Car accidents occur every day in the United States. After most accidents ensue, the police are notified and a police report is written and recorded. The police report usually contains important facts about the collision such as the time, date, witnesses, weather and statements from all parties involved. This report can help the injured party pursue a personal injury claim in a few ways, including meeting legal requirements following an accident.
In order for a plaintiff to be compensated for their injuries, they must present enough evidence to show that the defendant or defendant’s negligence led to the plaintiff’s injury. Most courts throughout the United States do not allow any evidence that is considered “hearsay” to be used by a party to prove their case. Rule 801 of the Federal Rules of Evidence defines the meaning of hearsay as a statement made outside of court to describe something another person said or did by a person who is not under oath and does not have direct knowledge of what they are speaking about. When this type of statement is brought before a court by a party to prove the truth of the matter asserted in the statement, it cannot be used in court unless it meets one of the limited exceptions.
Generally, police reports are considered hearsay in most U.S. courts and cannot be used as evidence during a trial. However, a police report can still be very significant even when it cannot be presented as evidence at trial. When writing a demand letter and complaint, the plaintiff will need to know all of the facts surrounding the accident. The more detailed the demand letter is, the more persuasive it will likely be to the opposing party. The police report details the specific facts of the car accident and can be useful in jogging a person’s memory about the facts and circumstances of the crash. The police report can easily be obtained by contacting the entity who wrote it and asking for a copy.
A police report can also be used as leverage during settlement agreements. If the police report names a person who witnessed the accident, one of the parties can notify the opposition that they will have the witness testify under oath at trial that they were not at fault. The police report could also be useful if one of the parties admitted to a police officer after the car accident that they were at fault. The police officer may be called as a witness and his or her testimony may not be considered hearsay because the police officer has direct knowledge of the statement made by the opposing party.

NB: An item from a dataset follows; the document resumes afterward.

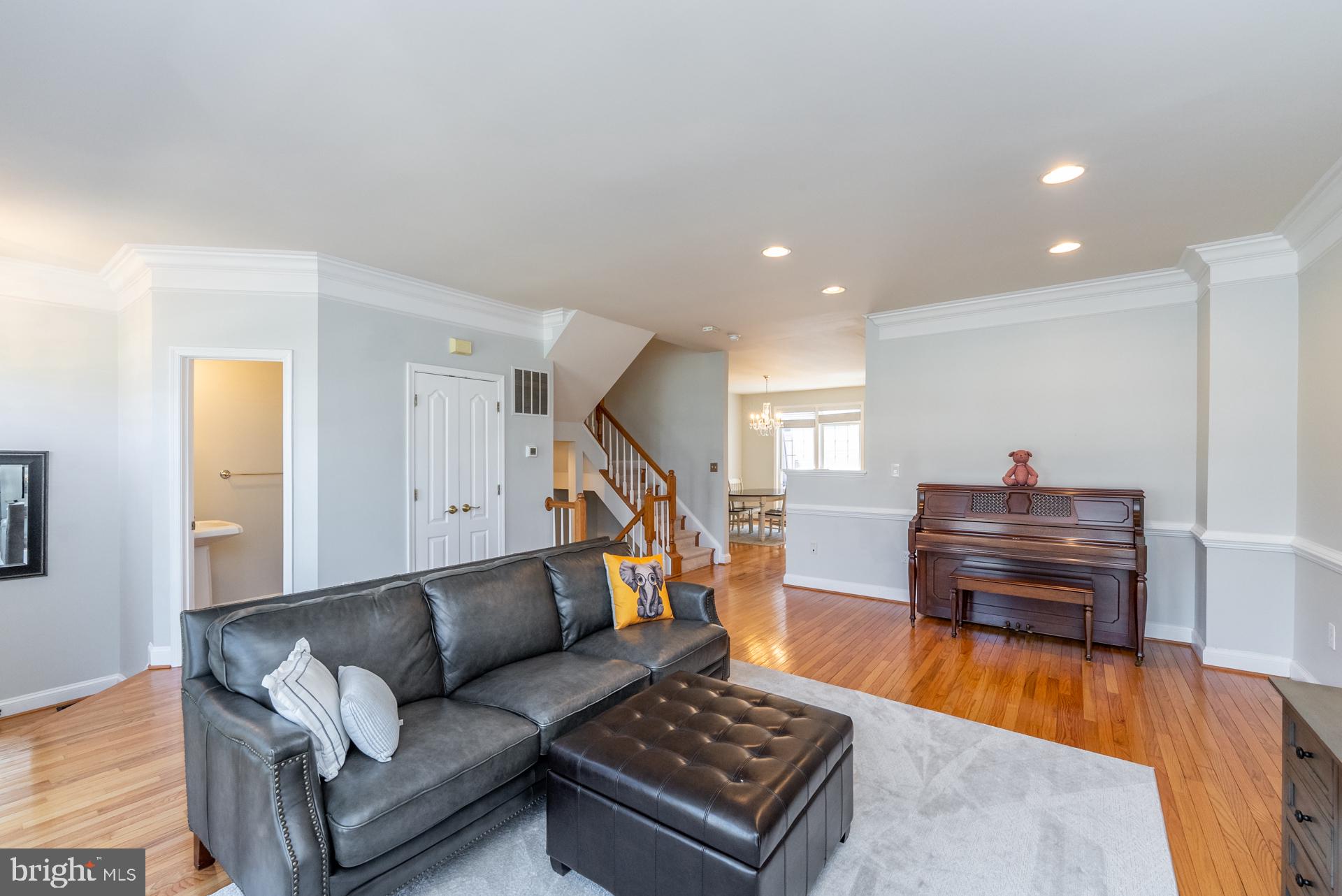 FAIRFAX CENTER - Residential Lease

Philadelphia Car Accident Lawyers at the Law Offices of Jay L. Edelstein Assist Clients Injured in Car Accidents
If you, a loved one or someone you know has been injured in a car accident due to someone else’s negligence, contact Philadelphia car accident lawyers at the Law Offices of Jay L. Edelstein immediately. Our experienced team fight for each client to ensure that they obtain the highest financial compensation possible for their injuries. Our offices are conveniently located in Center City Philadelphia and we represent clients throughout Pennsylvania and New Jersey. Call us now at 215-893-9311 or 856-809-3150 for a free consultation or contact us online.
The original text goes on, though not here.